Directions: An exact copy of the records below is required, and it must contain no pictures.

Short web captions
***

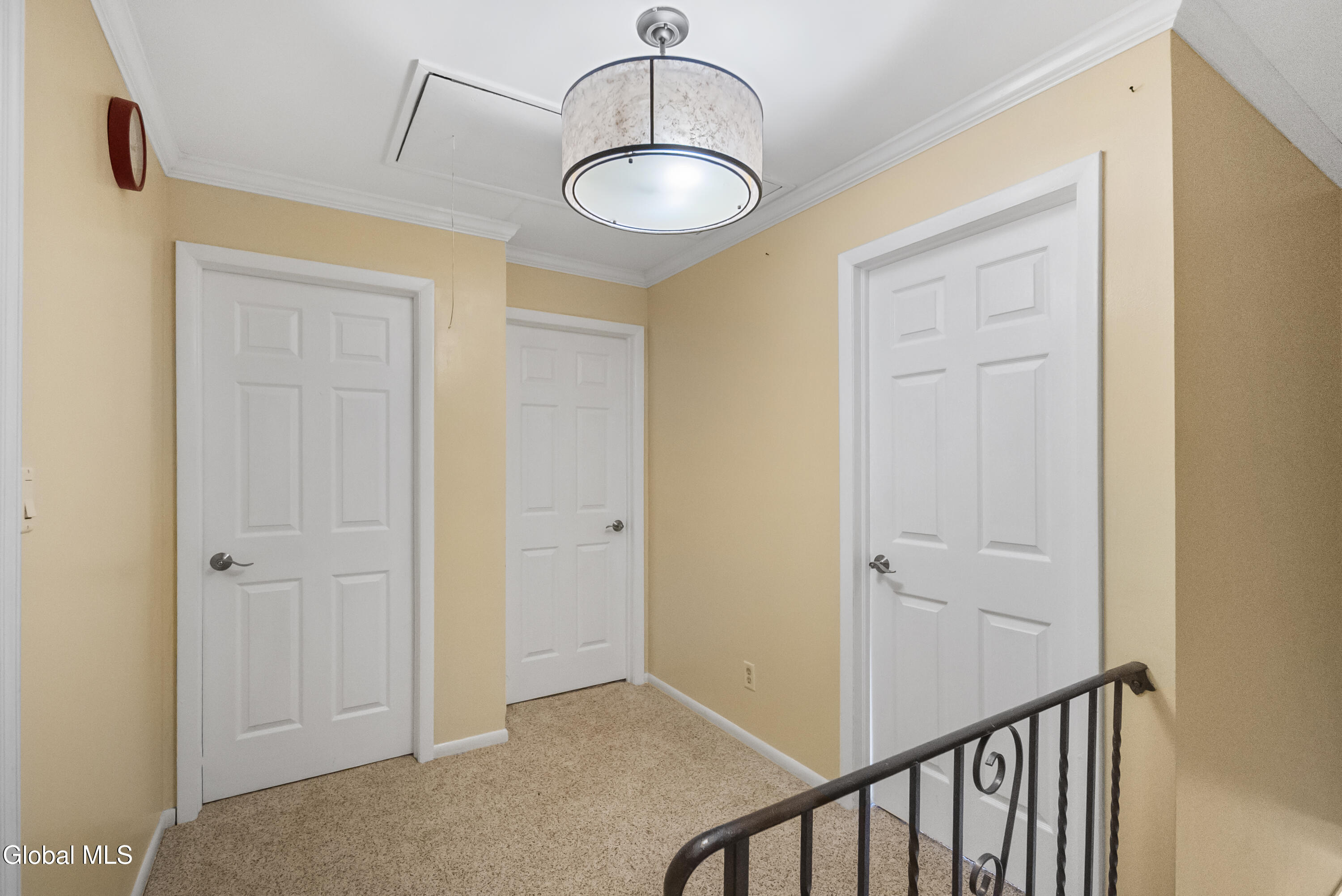 51 Aspen Circle Albany NY 12208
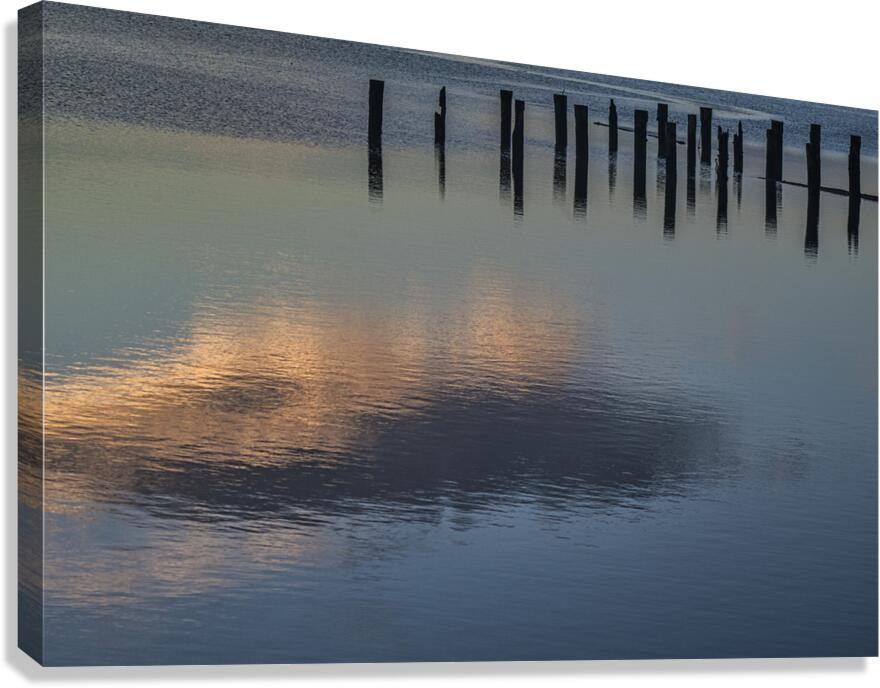 FS241226 CLOUD REFLECTIONS Canvas Print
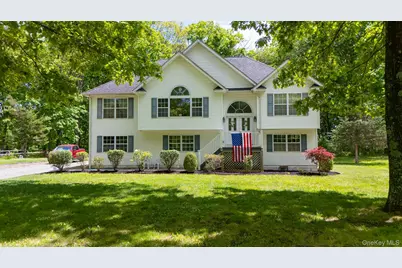 41 W Old Farm Road, Hopewell Junction, NY 12533 - Photo 1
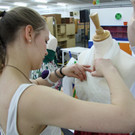 Pia Marietta Waller bei der Arbeit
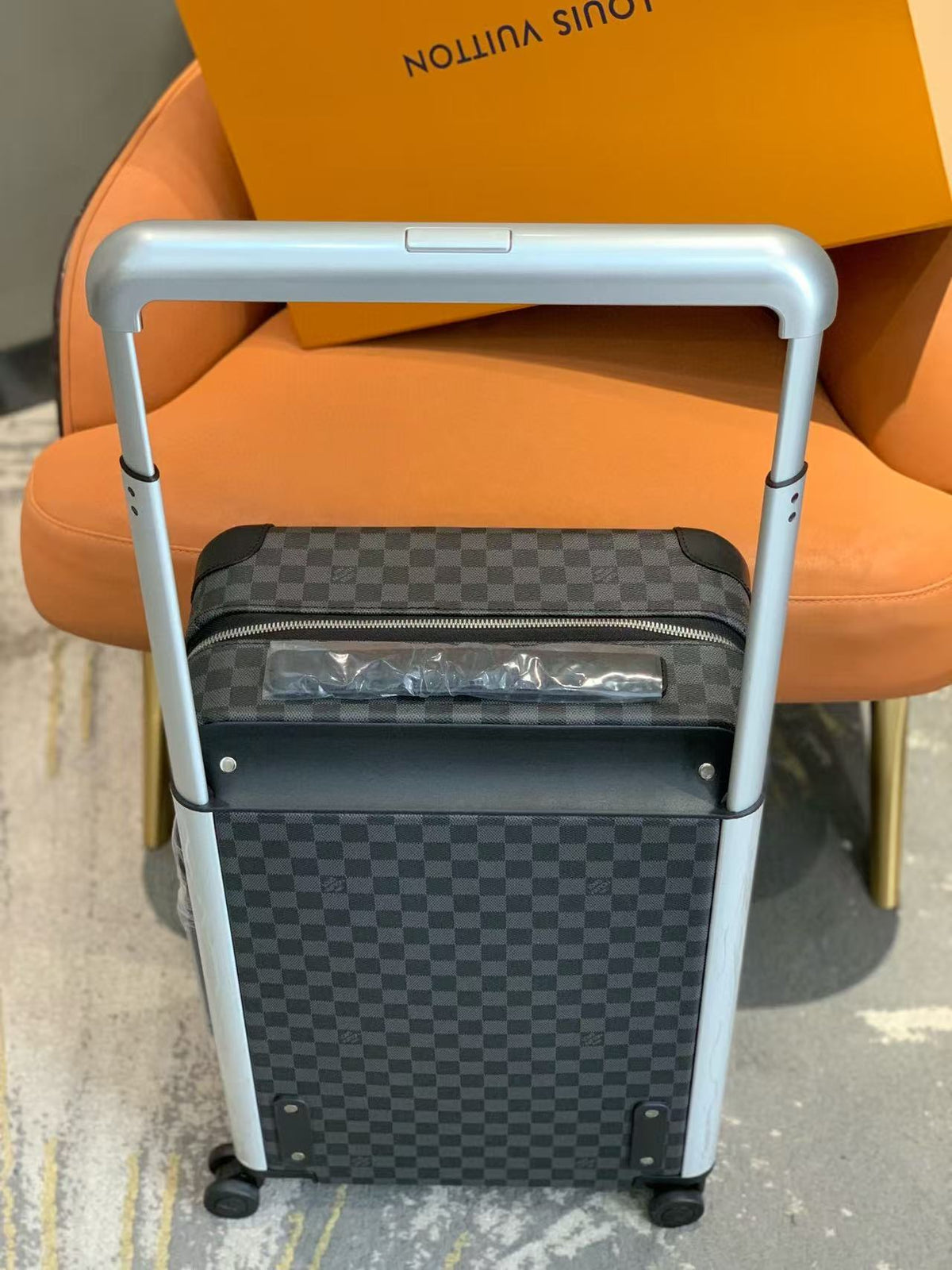 Louis Vuitton Horizon 55 Suitcase Gray Black Leather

***

Solved problem:
 51 Aspen Circle Albany NY 12208
 FS241226 CLOUD REFLECTIONS Canvas Print
 41 W Old Farm Road, Hopewell Junction, NY 12533 - Photo 1
 Pia Marietta Waller bei der Arbeit
 Louis Vuitton Horizon 55 Suitcase Gray Black Leather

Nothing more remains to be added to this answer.